> **Assignment**:
Note the line containing "Erkek Çocuk Siyah"; from it through the last line below, give only those lines again, exactly, both ends included, skipping pictures.

> **Supplied data**:

::::

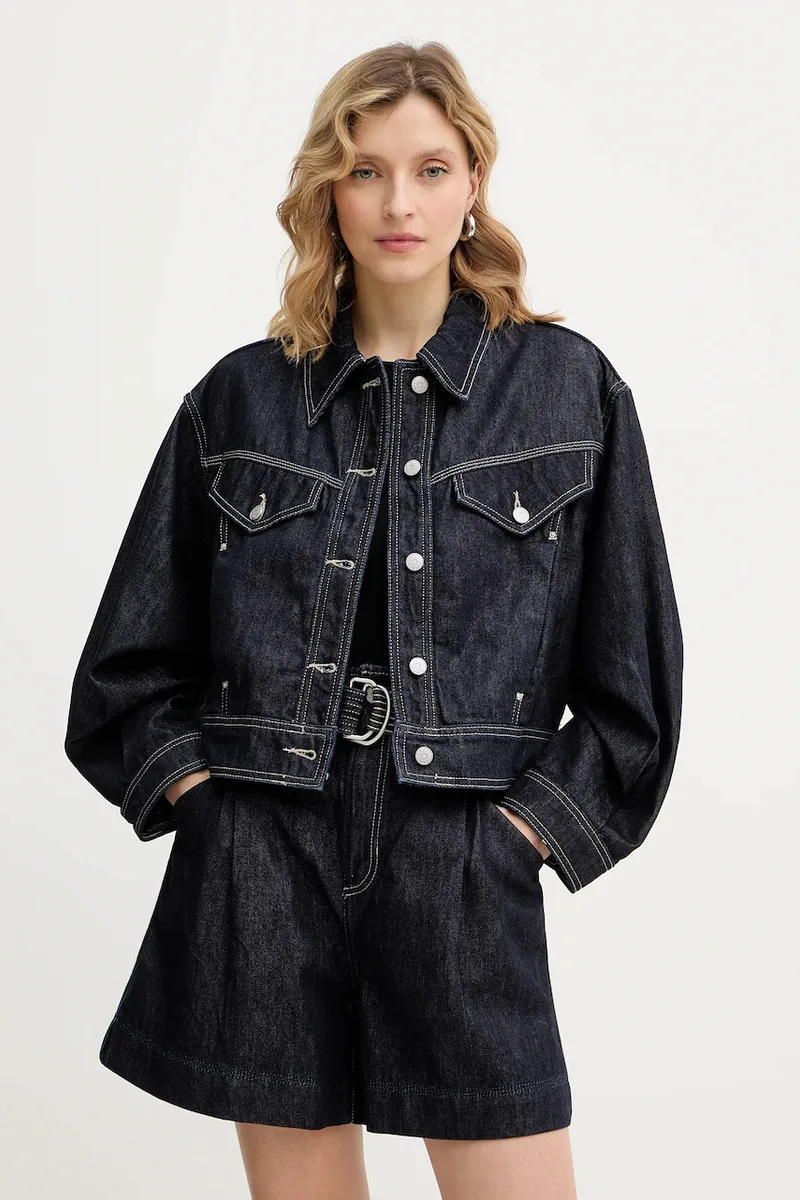 Τζιν μπουφάν BOSS Πορτοκαλί C BOMBER TRUCKER 1.0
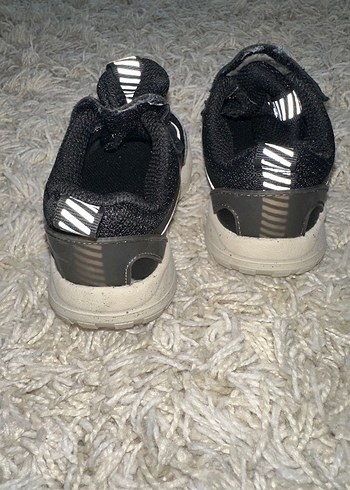 Erkek Çocuk Siyah  Spor Ayakkabı - Görsel 4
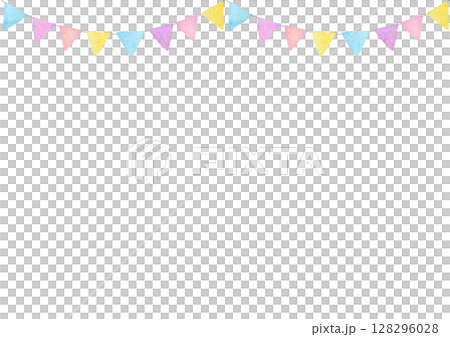 彩色花環插圖水彩畫 128296028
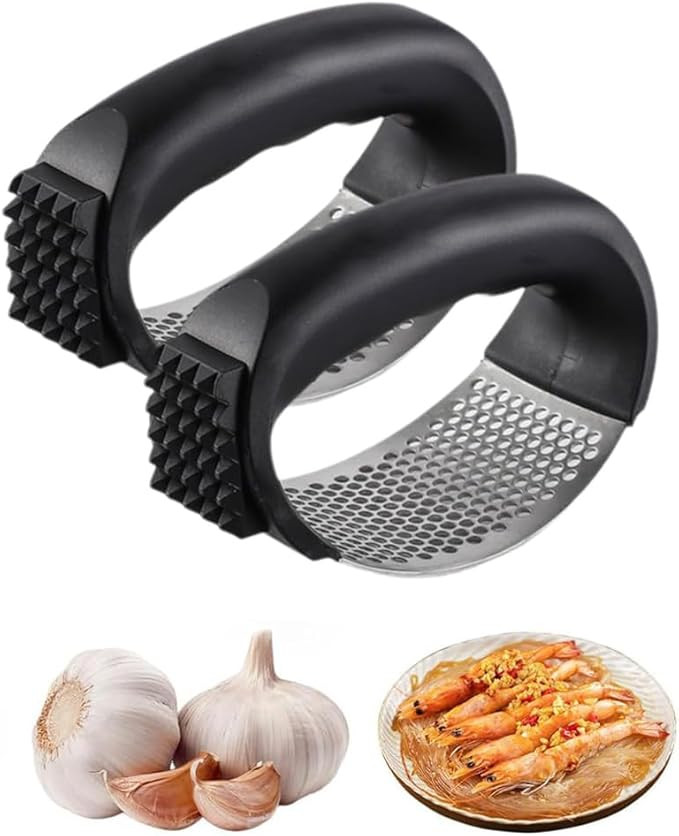 Stainless Steel Garlic Press, New Garlic Press Rocker, Home Kitchen Utensils Portable Manual Garl... | Amazon (US)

::::

> **Result**:
 Erkek Çocuk Siyah  Spor Ayakkabı - Görsel 4
 彩色花環插圖水彩畫 128296028
 Stainless Steel Garlic Press, New Garlic Press Rocker, Home Kitchen Utensils Portable Manual Garl... | Amazon (US)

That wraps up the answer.